NAP Covid Boost to Expire in Pennsylvania

Emergency allotments (EAs), often known as more SNAP, will cease to exist after February 2023, and Pennsylvania is one of the 25 states where the SNAP Covid Boost Expires on January 30. Beginning in March, Pennsylvanians won’t receive this boost, and the benefit amount will be determined by your household’s income rather than its size.

The Anticipated Expiration

Leaders in some states voiced worry that prolonged higher benefits for the federal-state SNAP program will deter people from looking for work in a competitive labor market.


Although the maximum monthly benefit recipient households can receive has gone up from levels in 2022, some beneficiaries might find that their monthly allocation could have been better due to the boost’s expiration. Despite the modest increase in Social Security payments, prices are rising across the board, from rent and food to gas and electricity, a source posted.

SNAP Benefits in Pennsylvania 

Pennsylvanians are assisted in purchasing food under the Supplemental Nutrition Assistance Program (SNAP). With SNAP, people in qualified low-income households can buy more food at grocery shops and supermarkets, leading to more nutrient-dense diets.

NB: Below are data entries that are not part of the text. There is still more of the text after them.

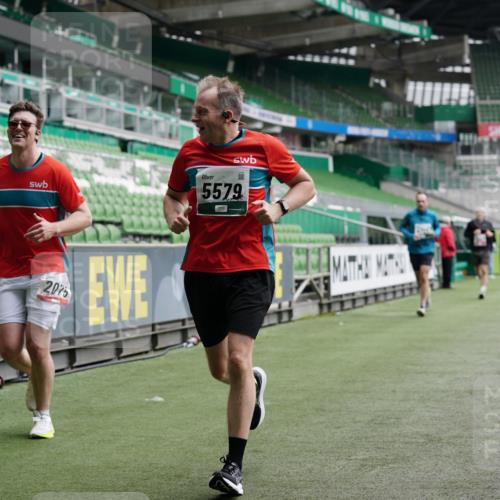 05.10.2025 - 20. swb-Marathon Bremen Michael Burmester http://msf.ph/oto/9328337 05.10.2025 12:53:01 Laufen im Stadion 248, 550, 590, 615, 793, 832, 1298, 1367, 1431, 1600, 1667, 2072, 2075, 3553, 4132, 4218, 4362, 4573, 4729, 4746, 4805, 4914, 4935, 5169, 5447, 5561, 5579, 5866, 6492, 6630, 6677, 7277, 7408, 7416, 7634, 7773, 7975, 8238, 8297, 8349, 8431, 8462, 8580, 8921, 10338, 1550, 1552, 2595, 3033, 3041, 3626, 5459, 5675, 6367, 7012, 7031, 7293, 8218, 8558, 8701, 9115 meine-sportfotos.de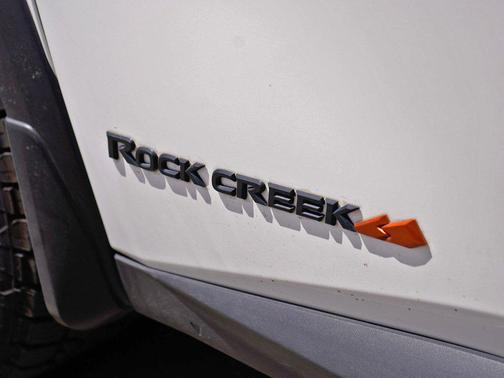 Pearl White Tricoat/Super Black 2024 Nissan Pathfinder Rock Creek 4WD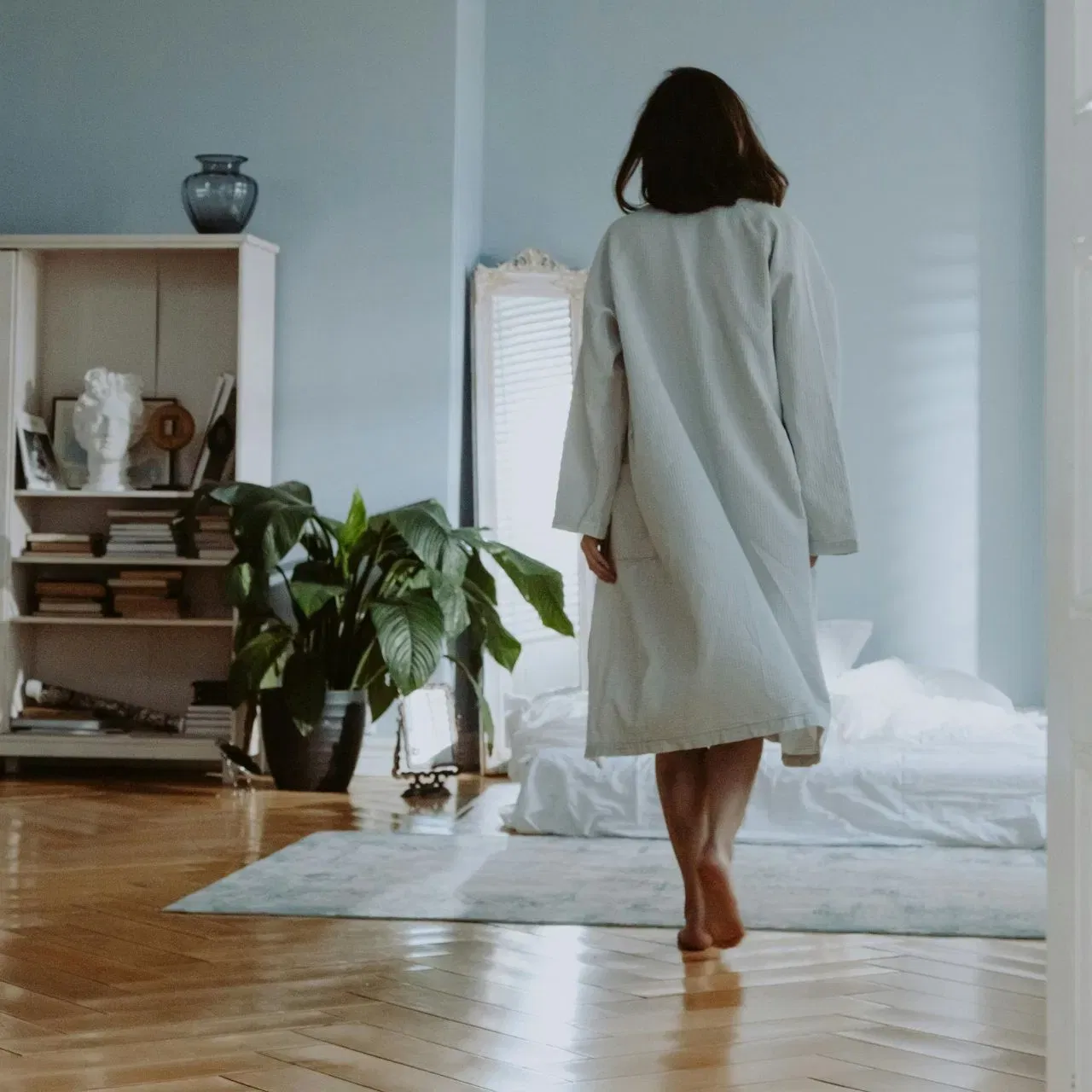 ਜੇਕਰ ਤੁਸੀਂ ਬਾਹਰ ਵਾਕ ਨਹੀਂ ਕਰ ਪਾ ਰਹੇ ਹੋ ਤਾਂ ਘਰ ਵਿੱਚ ਇੱਕ ਜਗ੍ਹਾ ਖੜ੍ਹੇ ਹੋ ਕੇ ਸੈਰ ਕਰੋ। ਗੋਡਿਆਂ ਨੂੰ ਥੋੜਾ ਉੱਤੇ ਚੁੱਕਦੇ ਹੋਏ 10-15 ਮਿੰਟ ਮਾਰਚ ਕਰੋ। ਇਸ ਨਾਲ ਦਿਲ ਦੀ ਧੜਕਣ ਨੂੰ ਤੇਜ ਹੁੰਦੀ ਹੈ ਅਤੇ ਕੈਲੋਰੀ ਨੂੰ ਬਰਨ ਕਰਨ ਵਿੱਚ ਵੀ ਮਦਦ ਮਿਲਦੀ ਹੈ।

For purchasing food, those who qualify to obtain an Electronic Benefits Transfer (EBT) ACCESS Card.

If their income is below a certain threshold, Pennsylvanians may get SNAP assistance. For things like housing expenditures, child or dependent care fees, and medical expenses above $35 for older persons or people with disabilities, SNAP households may deduct these costs from their gross income.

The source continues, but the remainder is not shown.